Task input below:

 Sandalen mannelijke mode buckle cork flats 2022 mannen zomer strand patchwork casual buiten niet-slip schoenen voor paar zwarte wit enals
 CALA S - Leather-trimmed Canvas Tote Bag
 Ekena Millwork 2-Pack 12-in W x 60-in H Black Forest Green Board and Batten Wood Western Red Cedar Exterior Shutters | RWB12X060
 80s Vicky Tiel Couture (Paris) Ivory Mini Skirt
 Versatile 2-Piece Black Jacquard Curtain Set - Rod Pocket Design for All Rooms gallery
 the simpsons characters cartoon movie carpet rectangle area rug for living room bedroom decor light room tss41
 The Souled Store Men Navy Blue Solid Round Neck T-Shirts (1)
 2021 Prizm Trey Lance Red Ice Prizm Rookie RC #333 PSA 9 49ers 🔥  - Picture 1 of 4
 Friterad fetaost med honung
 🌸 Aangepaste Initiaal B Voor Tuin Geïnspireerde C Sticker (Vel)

End of Task input.

- Exercise instructions -
Go through the lines above and copy any that contain "Black".

- Exercise response -
 Ekena Millwork 2-Pack 12-in W x 60-in H Black Forest Green Board and Batten Wood Western Red Cedar Exterior Shutters | RWB12X060
 Versatile 2-Piece Black Jacquard Curtain Set - Rod Pocket Design for All Rooms gallery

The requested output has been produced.